Ten years ago I had the good luck to spend a couple of days in the company of VS Naipaul, when we were both involved in some literary shenanigan in Italy. He was charming, elegant and avuncular; for his Italian minders, however, he must have been something of a nightmare. Speeches were being made in his honour: long, deeply felt orations in sonorous Italian. He made no attempt to hide his impatience. Later, at a prize-giving ceremony, Naipaul was to receive a lifetime achievement award. For the climactic moment the microphone was passed to a young woman, perhaps a local ex-beauty queen. On stage, she asked Naipaul, in faltering English, to tell "us" about his books.
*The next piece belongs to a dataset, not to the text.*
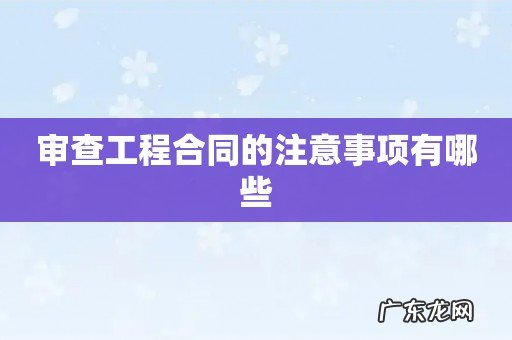 审查工程合同的注意事项有哪些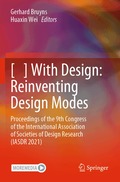 [ ] With Design: Reinventing Design Modes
It looked for an instant as though he might shove her into the laps of the front row but after a grimace of exasperation, and some peevish flapping of his hands, he said he was interested in the idea of somebody – of getting what someone's idea might be of himself.

It's a way of looking very evident in Naipaul's wonderful 1987 novel, The Enigma of Arrival. This is the story of a man – a writer from Trinidad – who goes to live, as Naipaul did, in a secluded valley in Wiltshire. It's an autobiographical novel then, or autobiography distanced and subtly defused by the words "a novel" printed on the title page. What excited me about this book was the way a landscape I knew very well was shown to me in a new, meticulous and entirely convincing way. He walks, he takes the bus, he has the occasional conversation, he listens, he misses little. This is a view of a quintessentially English scene presented by a man enamoured with what he sees, but never able to overcome his "stranger's nerves". In some ways it's reminiscent of a later writer, WG Sebald, in a book like The Rings of Saturn – the same alertness, the well-stocked literary intelligence, the hypersensitivity. About the private life of the narrator – let's call him Naipaul – we learn very little in a direct sense. At one point he becomes ill but the illness, evidently serious, is dismissed in a few lines.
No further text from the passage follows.